INSTRUCTIONS TO FOLLOW
Give back the records that follow exactly, images excluded.

╭─ DATASET EXCERPTS

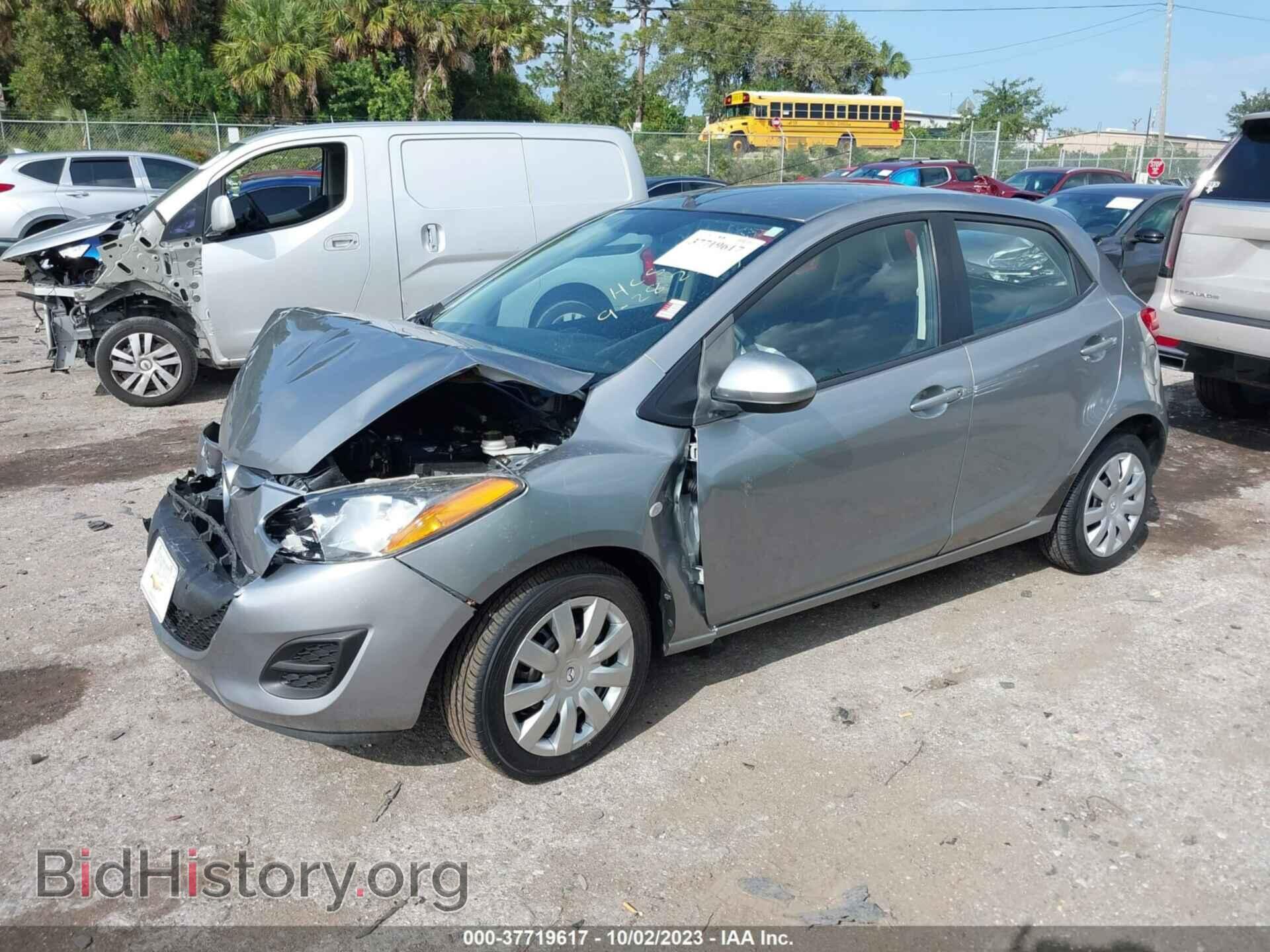 2013 MAZDA MAZDA2 - VIN: JM1DE1KY4D0170203 - Фото 2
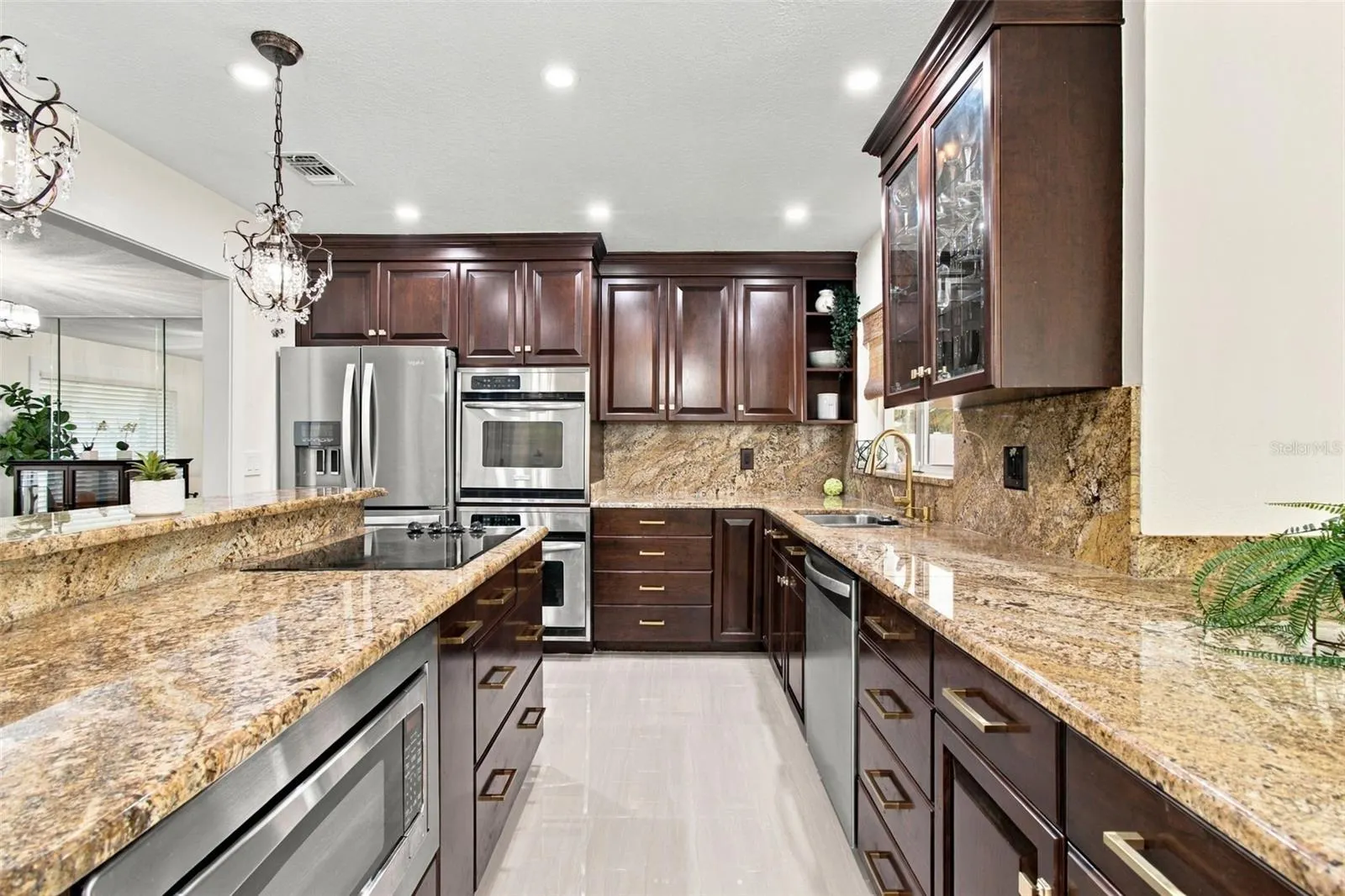 15113 ALEXIS DR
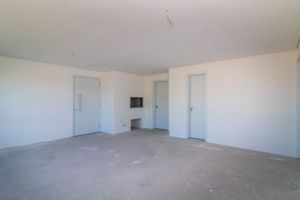 Image 3 - 221931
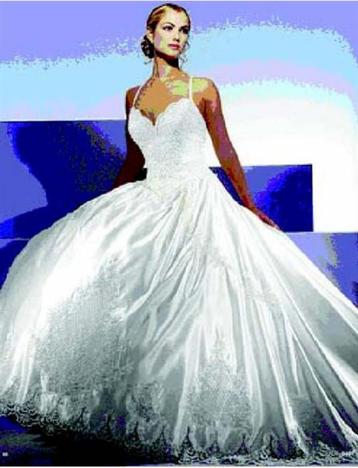 Bruidsjurk DEMETRIOS beschikbaar voor biedingen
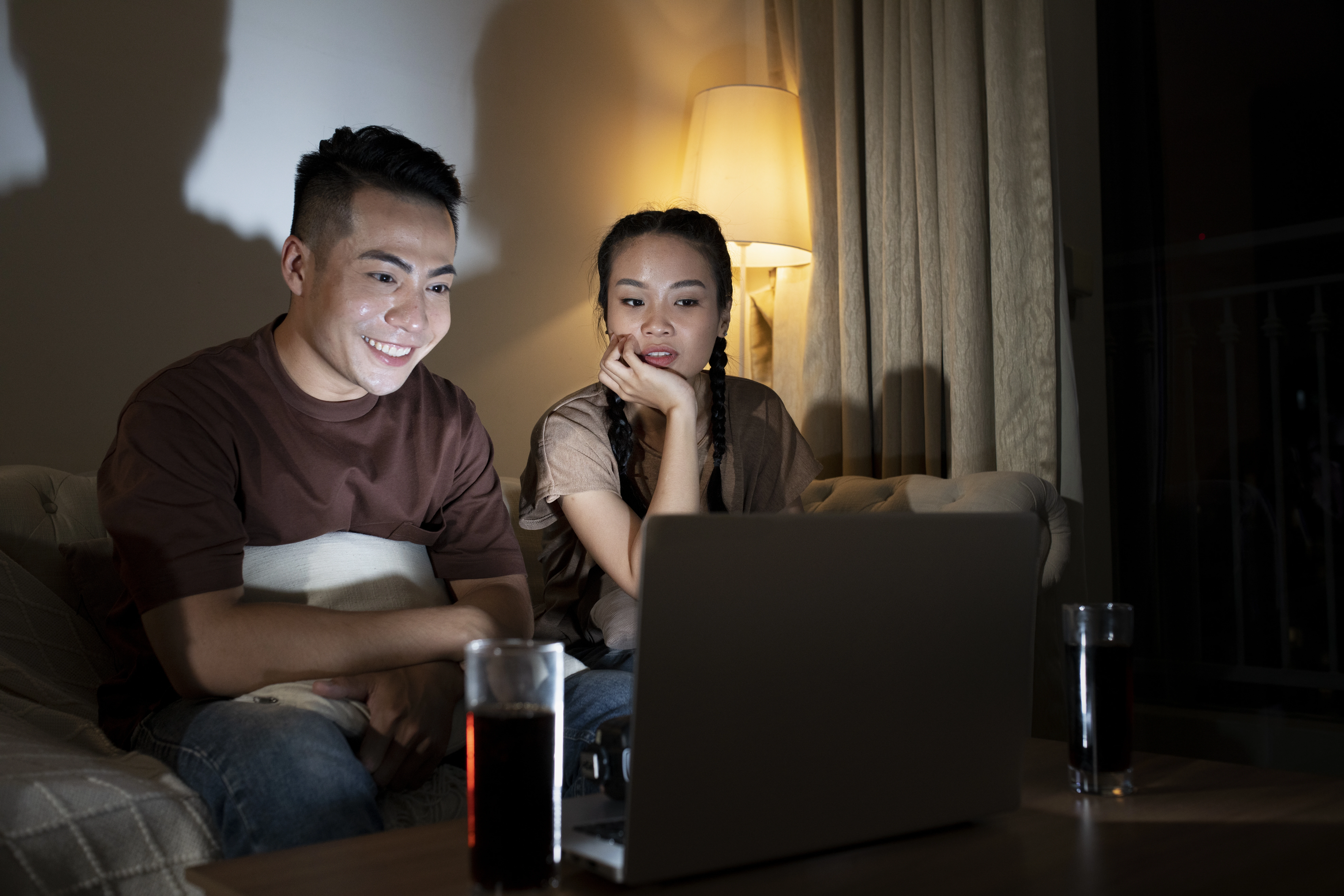 couple watching insightsbet video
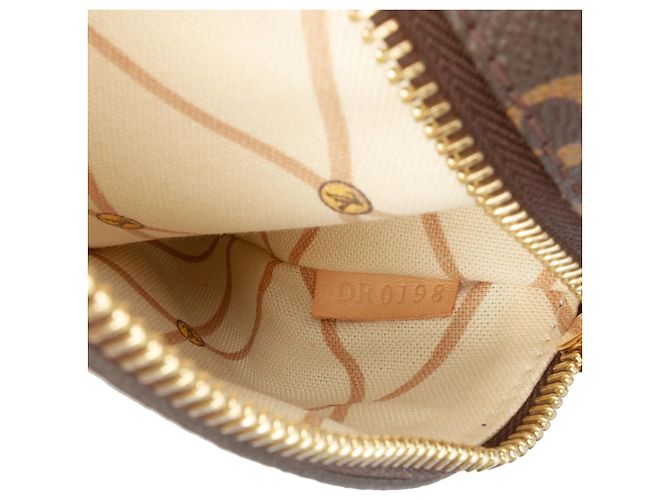 Borsa Louis Vuitton Monogram Summer Trunks Pochette Metis marrone - vista 6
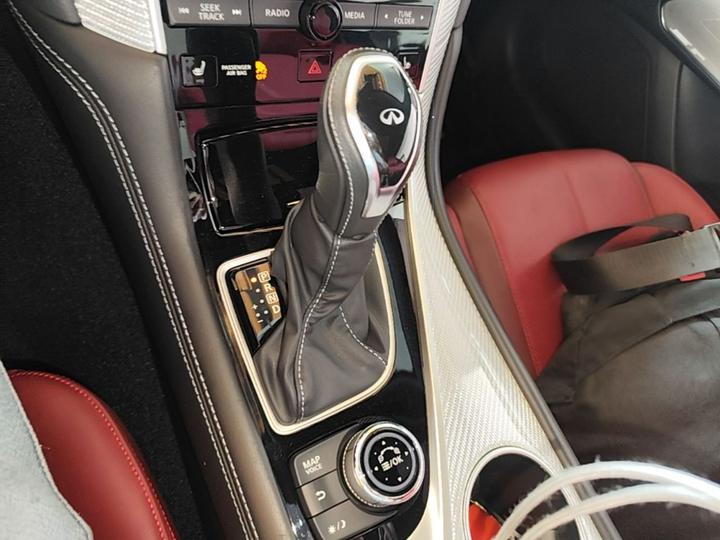 Q60 2019 S 2.0T Luxury Sport photo 5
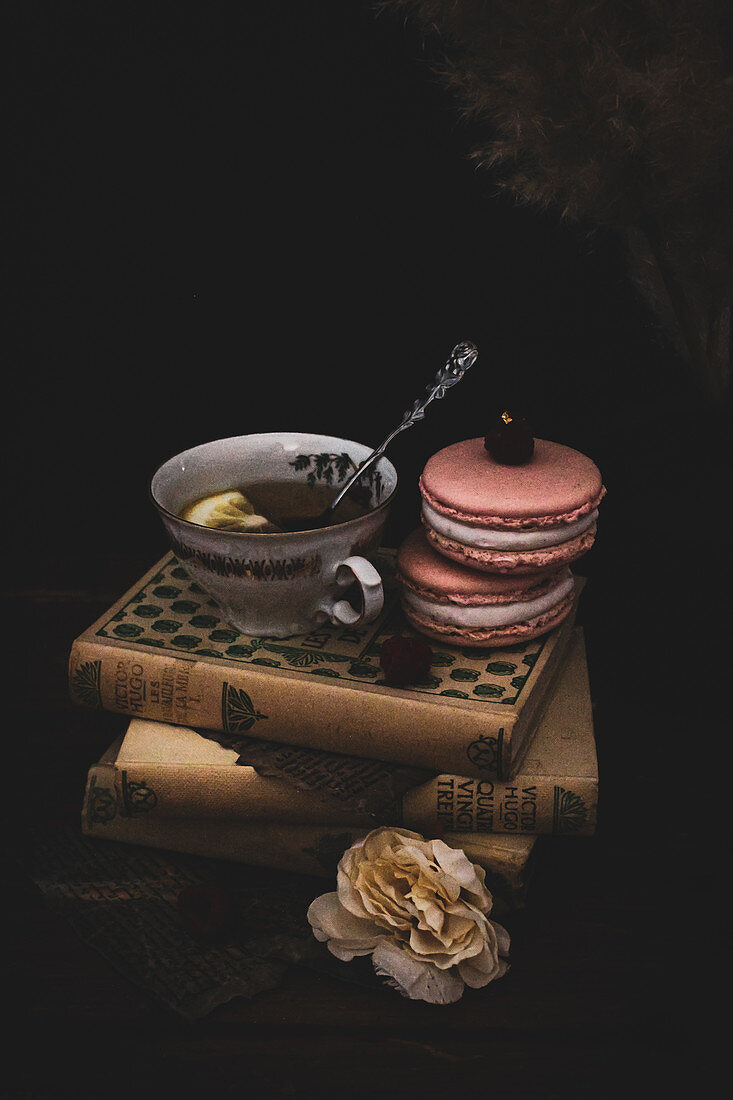 Rosa Hibiskus-Himbeer-Macarons serviert zum Tee
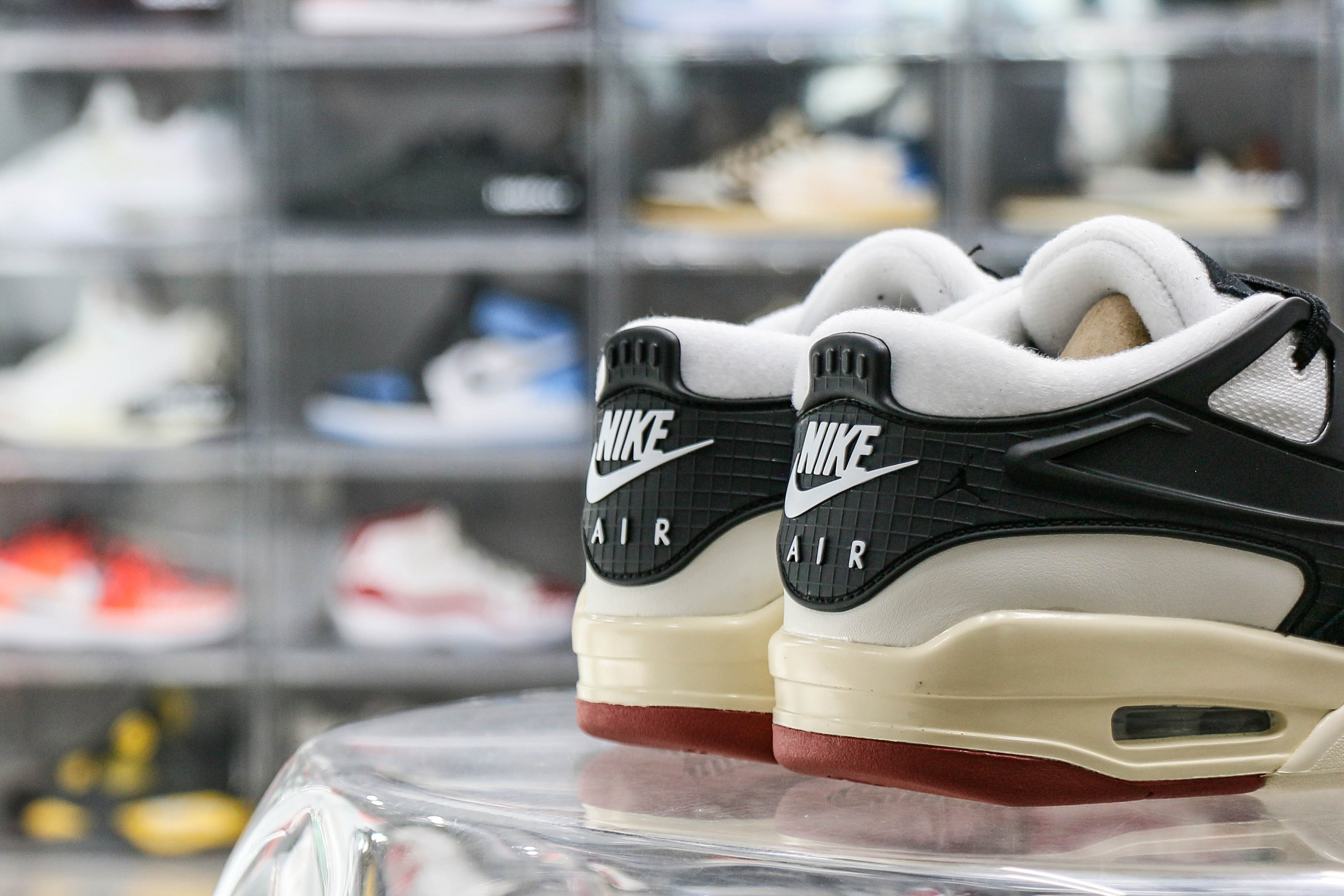 Jordan 4 RM Canyon Rust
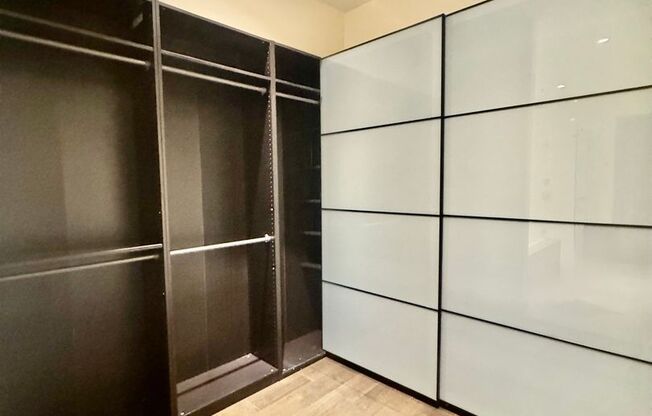 2 beds, 2 baths, 1,455 sqft, $4,000, Unit 1103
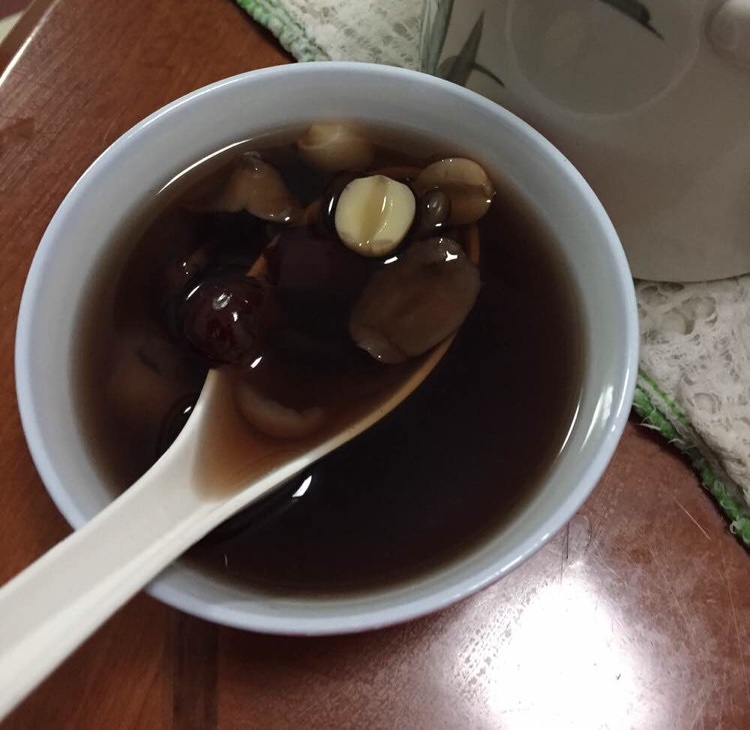 红枣莲子黑豆汤的做法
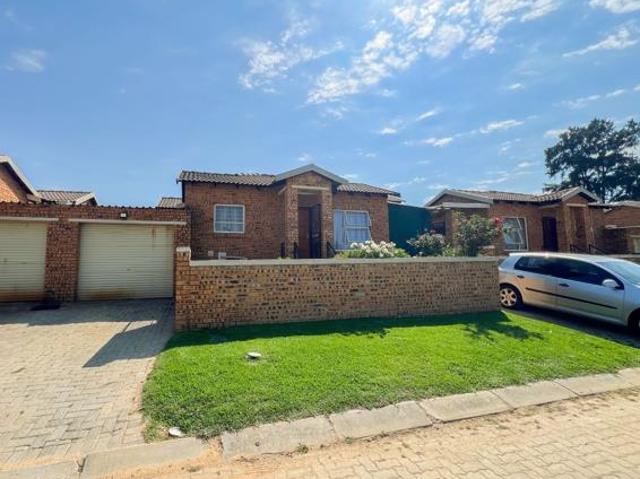 Townhouse for sale in West Rand Garden estates, Westonaria Local Municipality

╰─

ANSWER SECTION
 2013 MAZDA MAZDA2 - VIN: JM1DE1KY4D0170203 - Фото 2
 15113 ALEXIS DR
 Image 3 - 221931
 Bruidsjurk DEMETRIOS beschikbaar voor biedingen
 couple watching insightsbet video
 Borsa Louis Vuitton Monogram Summer Trunks Pochette Metis marrone - vista 6
 Q60 2019 S 2.0T Luxury Sport photo 5
 Rosa Hibiskus-Himbeer-Macarons serviert zum Tee
 Jordan 4 RM Canyon Rust
 2 beds, 2 baths, 1,455 sqft, $4,000, Unit 1103
 红枣莲子黑豆汤的做法
 Townhouse for sale in West Rand Garden estates, Westonaria Local Municipality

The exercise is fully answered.